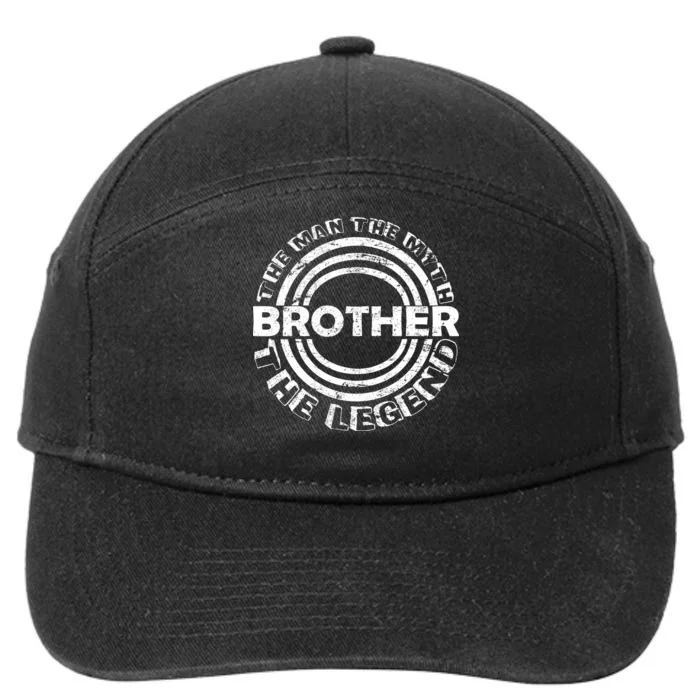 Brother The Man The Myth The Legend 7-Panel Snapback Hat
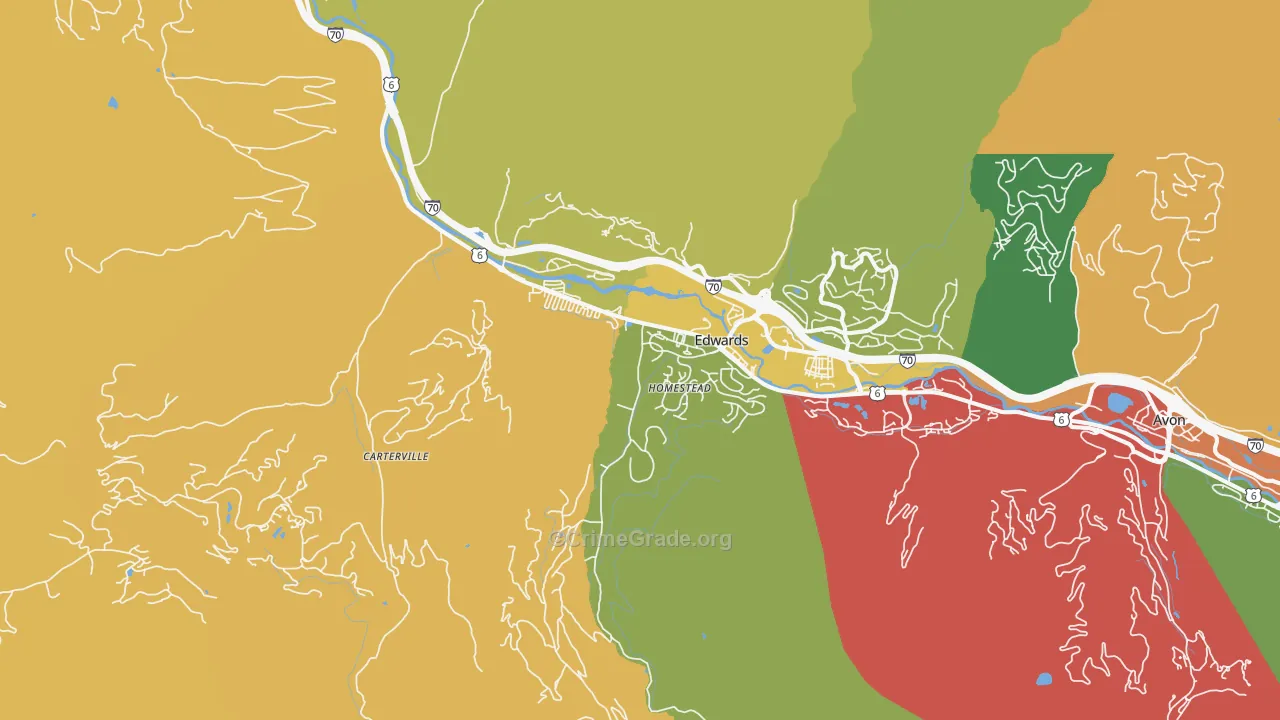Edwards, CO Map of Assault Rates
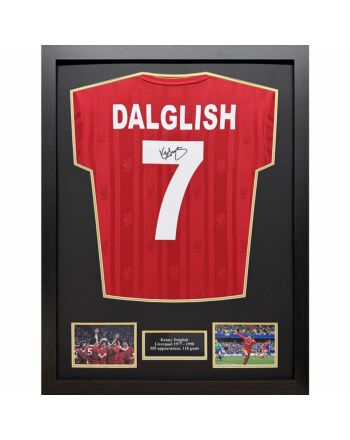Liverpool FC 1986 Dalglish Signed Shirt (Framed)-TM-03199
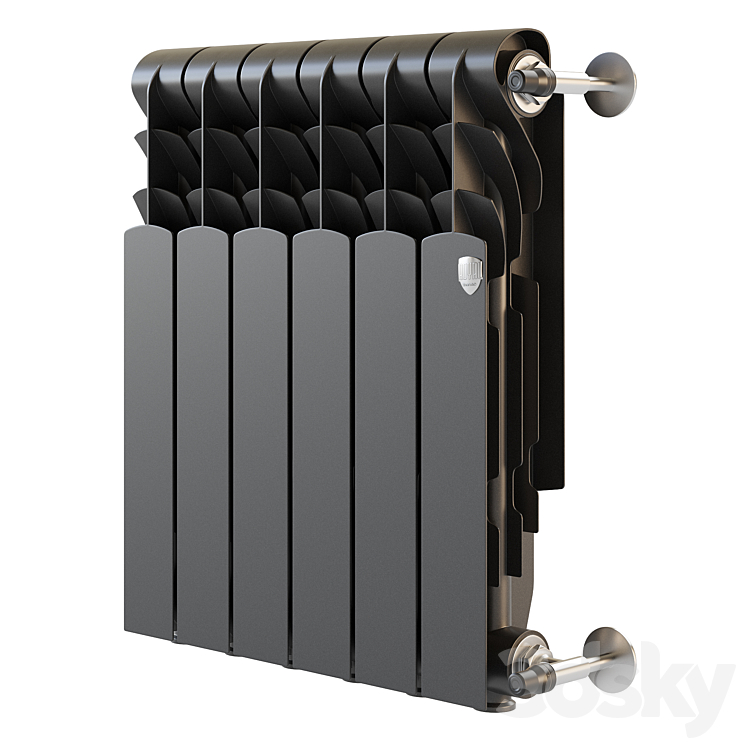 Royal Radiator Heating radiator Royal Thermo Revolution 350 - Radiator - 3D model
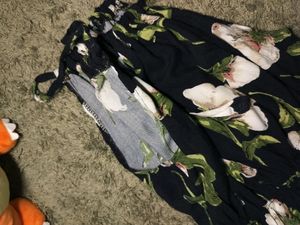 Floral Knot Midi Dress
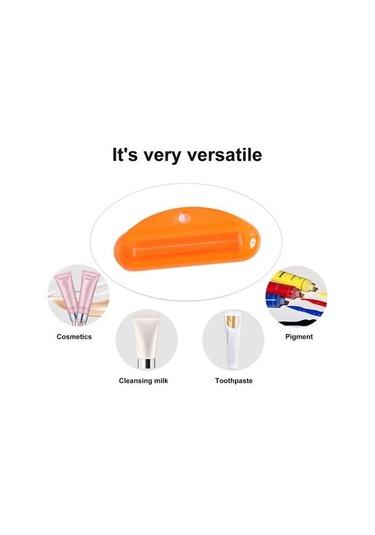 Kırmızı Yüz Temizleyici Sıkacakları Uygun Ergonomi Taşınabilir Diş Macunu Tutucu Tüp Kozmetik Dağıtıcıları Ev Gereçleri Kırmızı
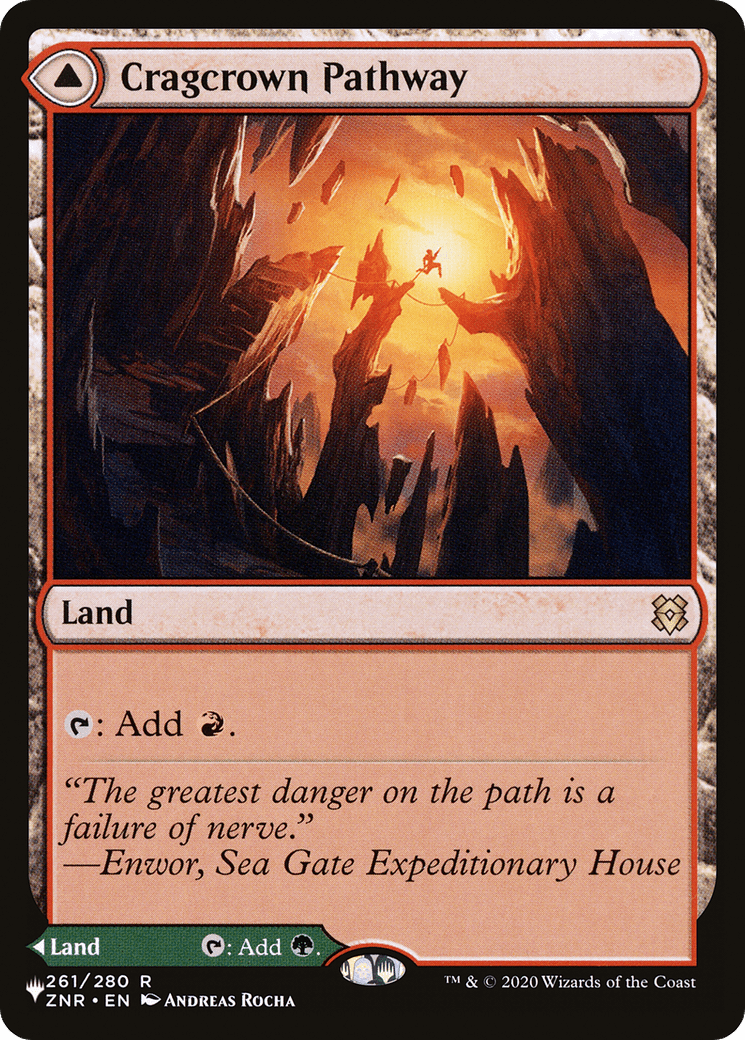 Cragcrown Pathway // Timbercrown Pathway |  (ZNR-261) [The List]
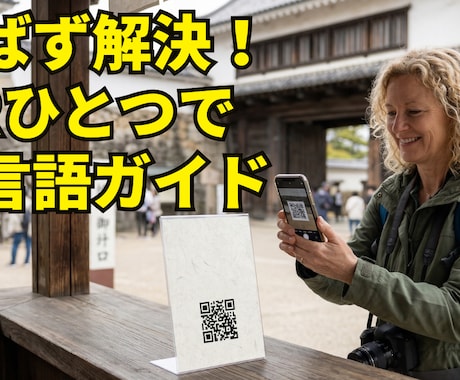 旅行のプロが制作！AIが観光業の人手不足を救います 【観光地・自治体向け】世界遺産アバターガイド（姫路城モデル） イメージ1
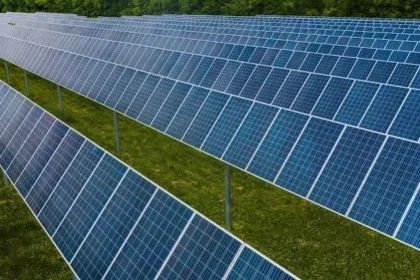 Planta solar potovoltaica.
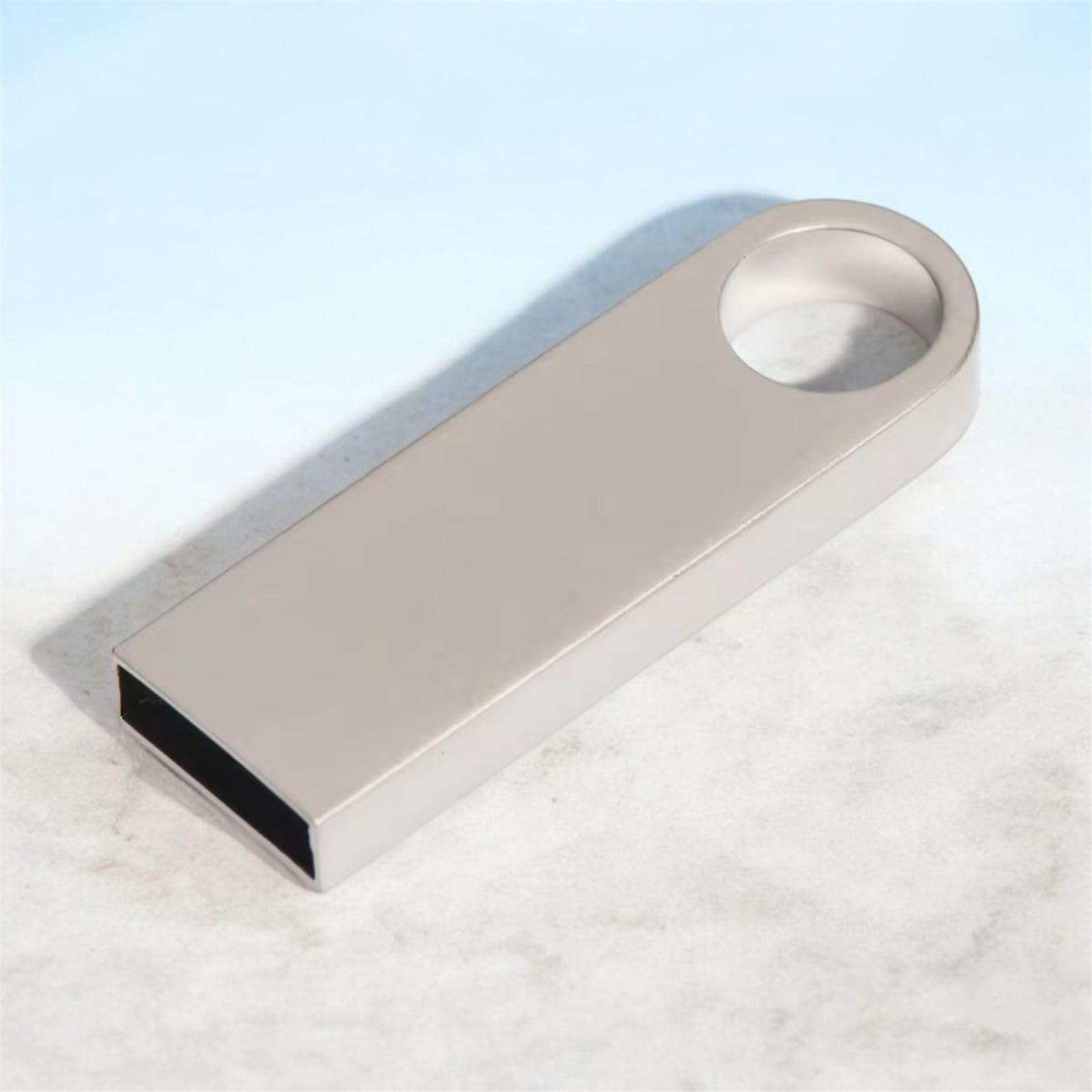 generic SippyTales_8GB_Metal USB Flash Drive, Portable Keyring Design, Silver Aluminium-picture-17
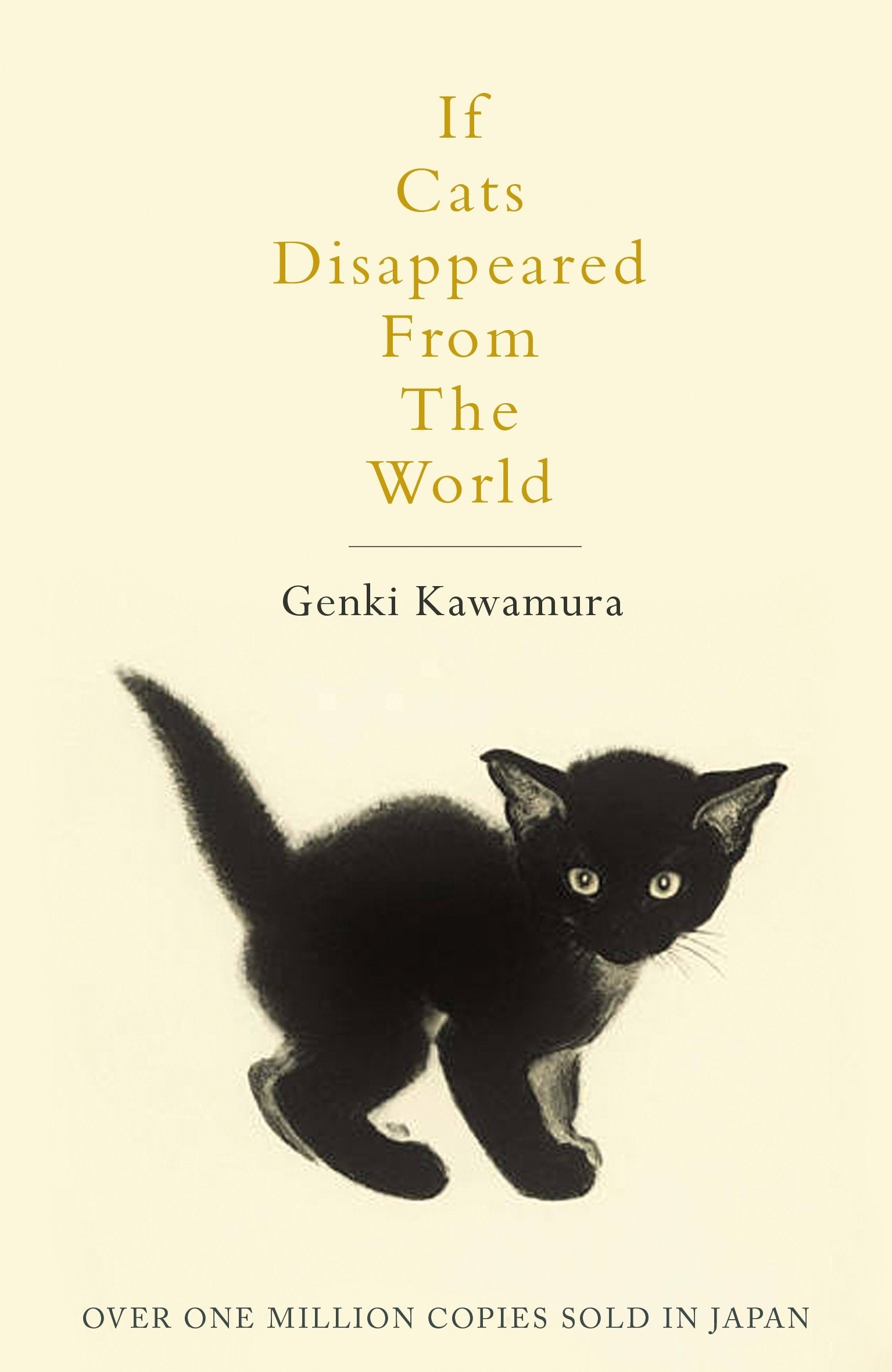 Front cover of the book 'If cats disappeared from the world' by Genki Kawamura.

Task directions: Your answer must be the lines from the one containing "generic SippyTales_8GB_Metal USB" through the last line of the records, printed exactly with no pictures; please include both ends.

Exercise answer:
 generic SippyTales_8GB_Metal USB Flash Drive, Portable Keyring Design, Silver Aluminium-picture-17
 Front cover of the book 'If cats disappeared from the world' by Genki Kawamura.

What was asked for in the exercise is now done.